**Exercise aim**:
Write out the data below in full, unchanged, minus the images.

**Raw data**:
━━━

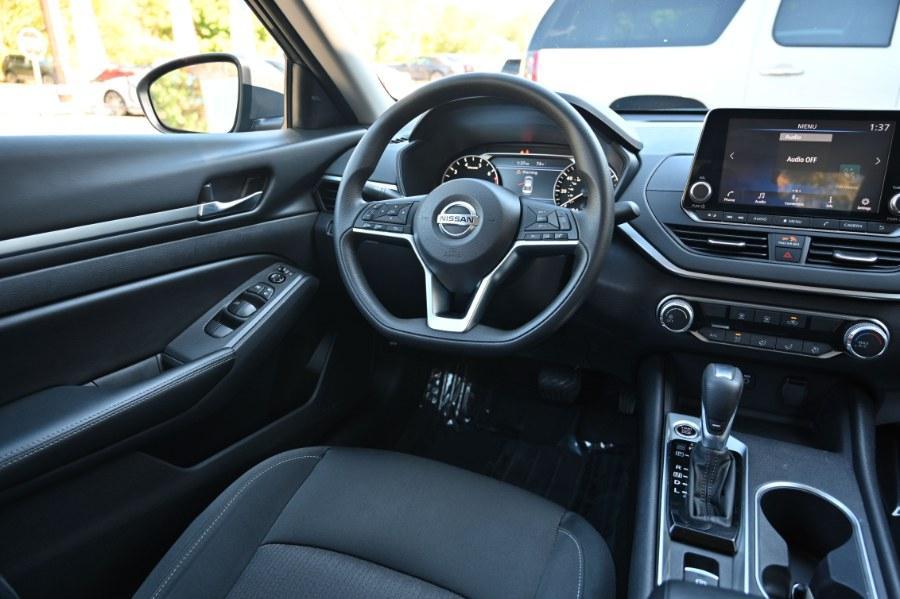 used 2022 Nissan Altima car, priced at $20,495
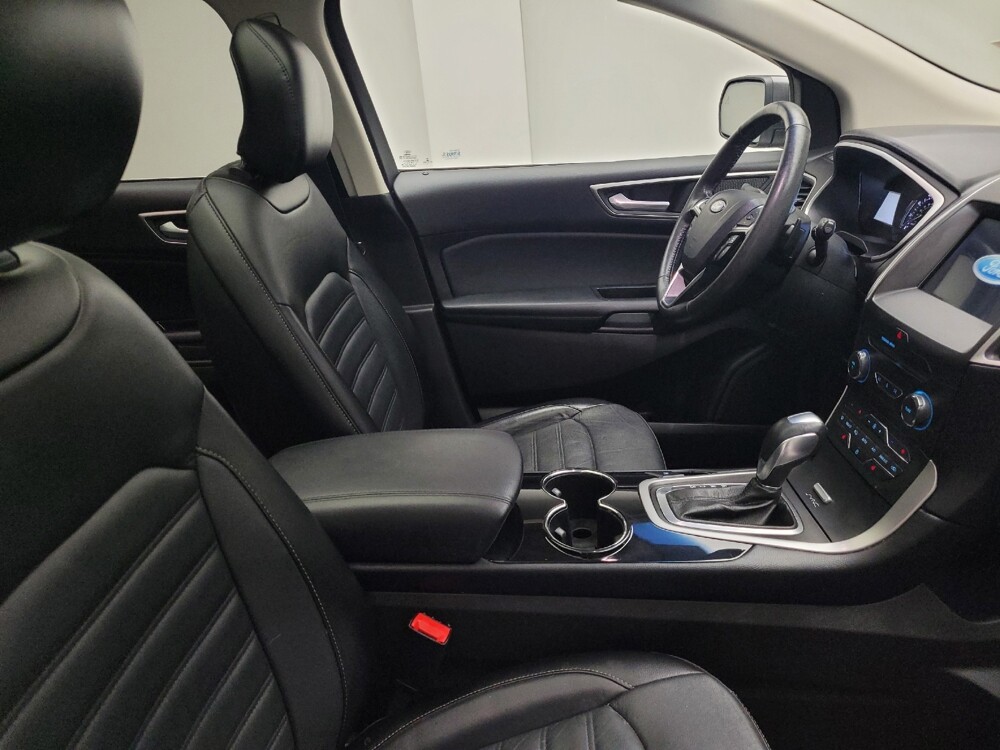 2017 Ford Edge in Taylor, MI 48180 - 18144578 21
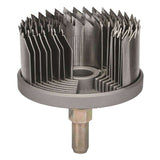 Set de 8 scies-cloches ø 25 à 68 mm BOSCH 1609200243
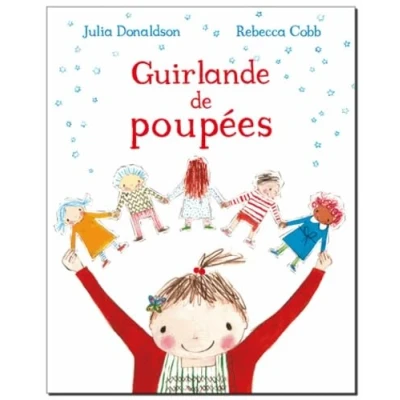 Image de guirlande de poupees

━━━

**Task output**:
 used 2022 Nissan Altima car, priced at $20,495
 2017 Ford Edge in Taylor, MI 48180 - 18144578 21
 Set de 8 scies-cloches ø 25 à 68 mm BOSCH 1609200243
 Image de guirlande de poupees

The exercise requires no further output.